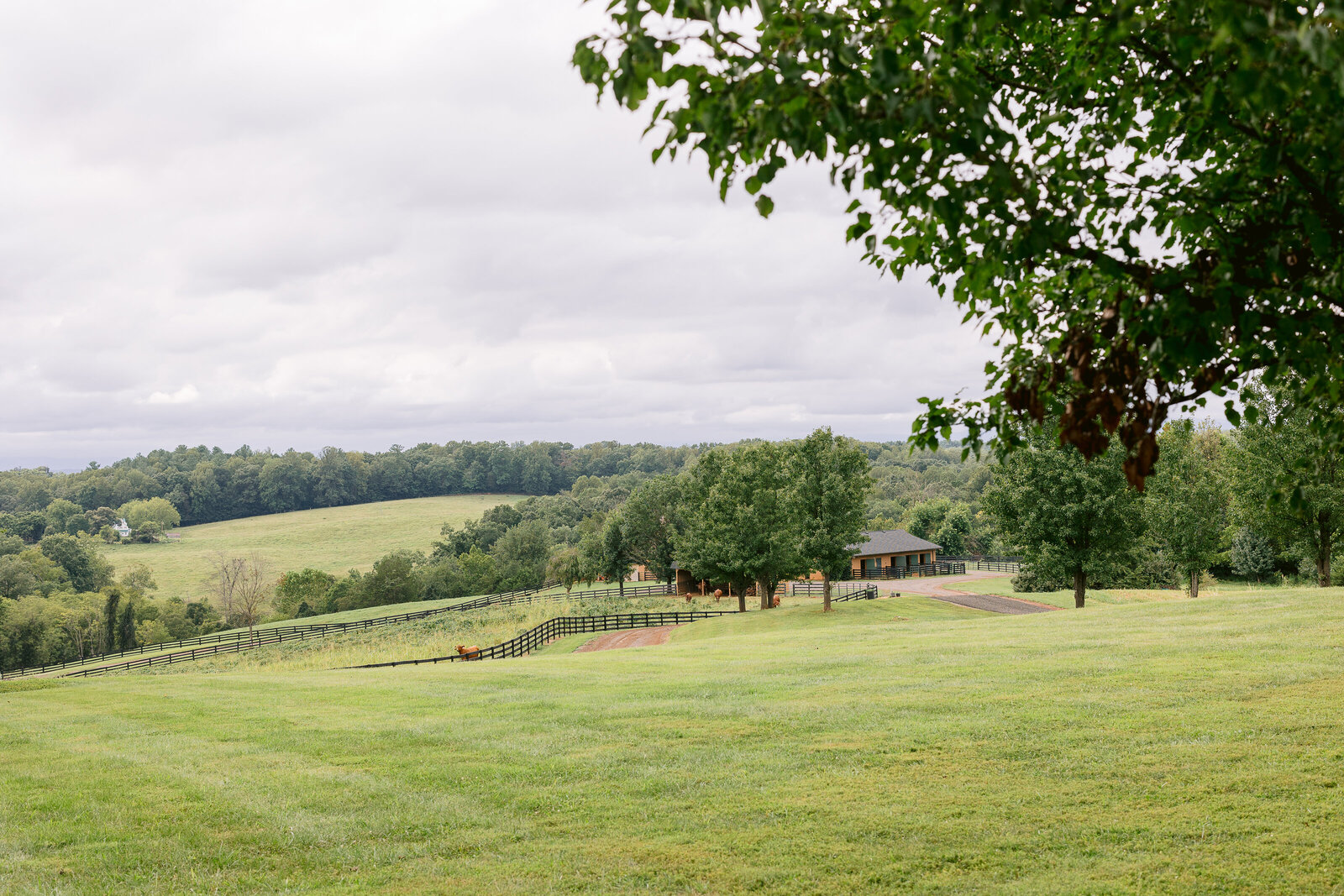 HighlandRidgeLindsayMackPhotography-0051
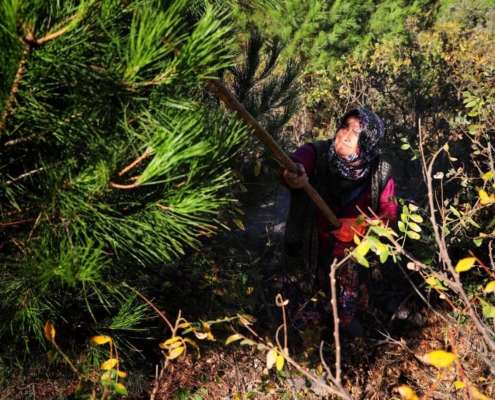 2d1ca557-c848-4dbd-b79d-b56819f287db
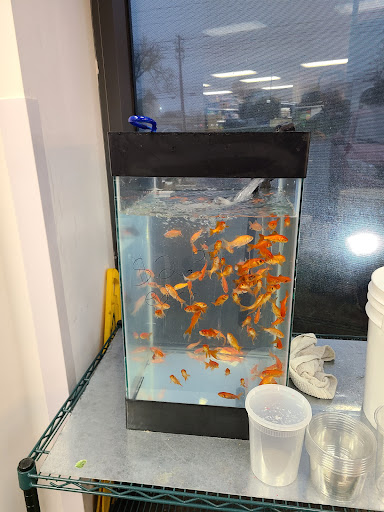 Photo of ​Gourmet Bazaar, Kabob & Deli - 736-A Rockville Pike, Rockville, MD 20852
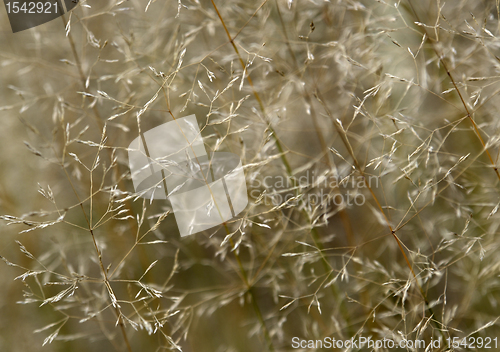 Image of sere filigree grass detail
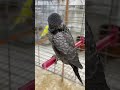 بادجي بلاك وينج بلاك فيس بطل البادجي العالمي بهاء عنبر 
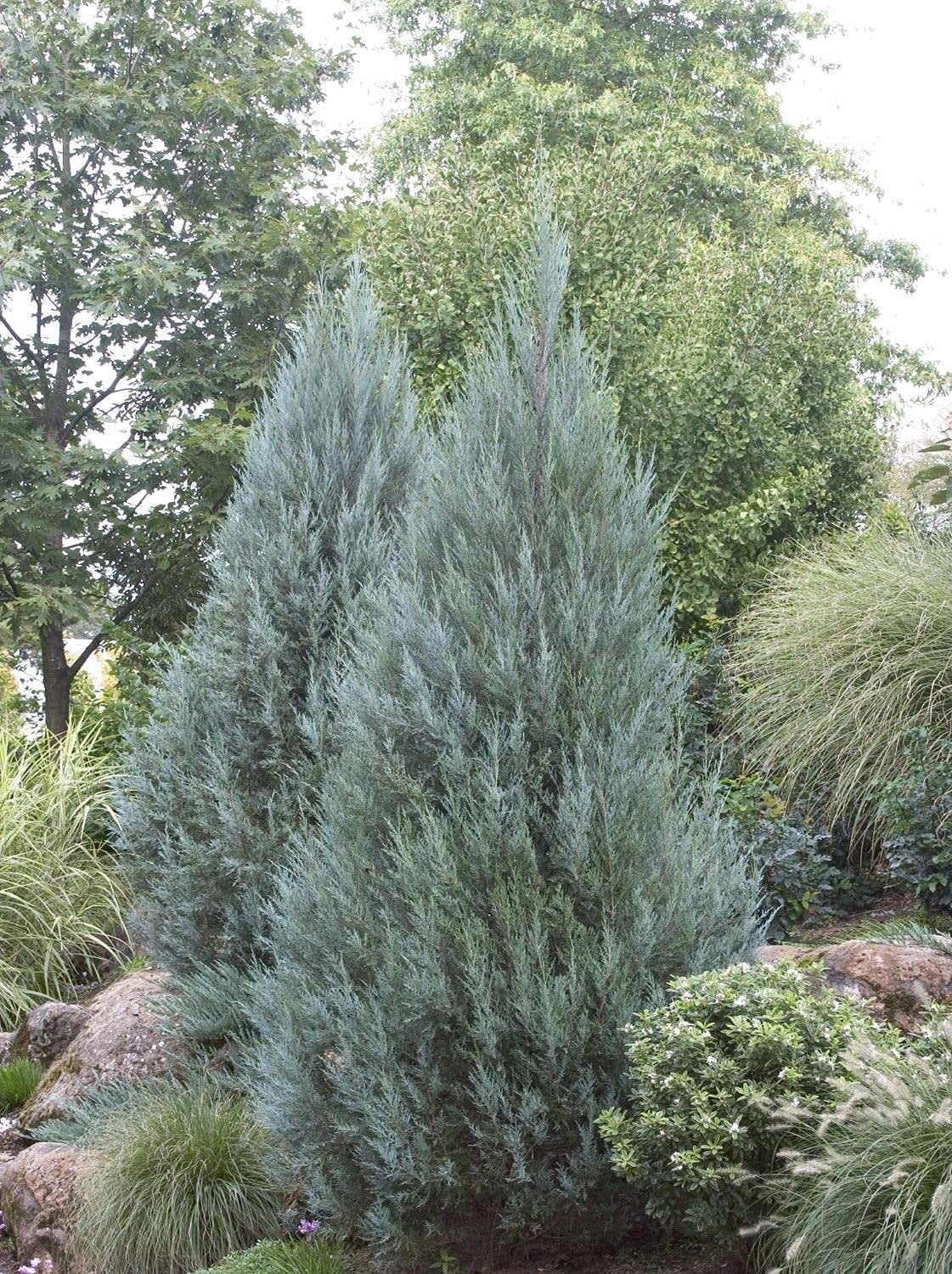 Wichita Blue Juniper  3 Live Gallon Size Trees  Juniperus Scopulorum  Evergreen Screening Hedging Plant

**To do**
Write out exactly the stretch of lines that begins with the line containing "بادجي بلاك وينج" and ends with the last line of the records above, leaving out the pictures.

**Result of this task**
 بادجي بلاك وينج بلاك فيس بطل البادجي العالمي بهاء عنبر 
 Wichita Blue Juniper  3 Live Gallon Size Trees  Juniperus Scopulorum  Evergreen Screening Hedging Plant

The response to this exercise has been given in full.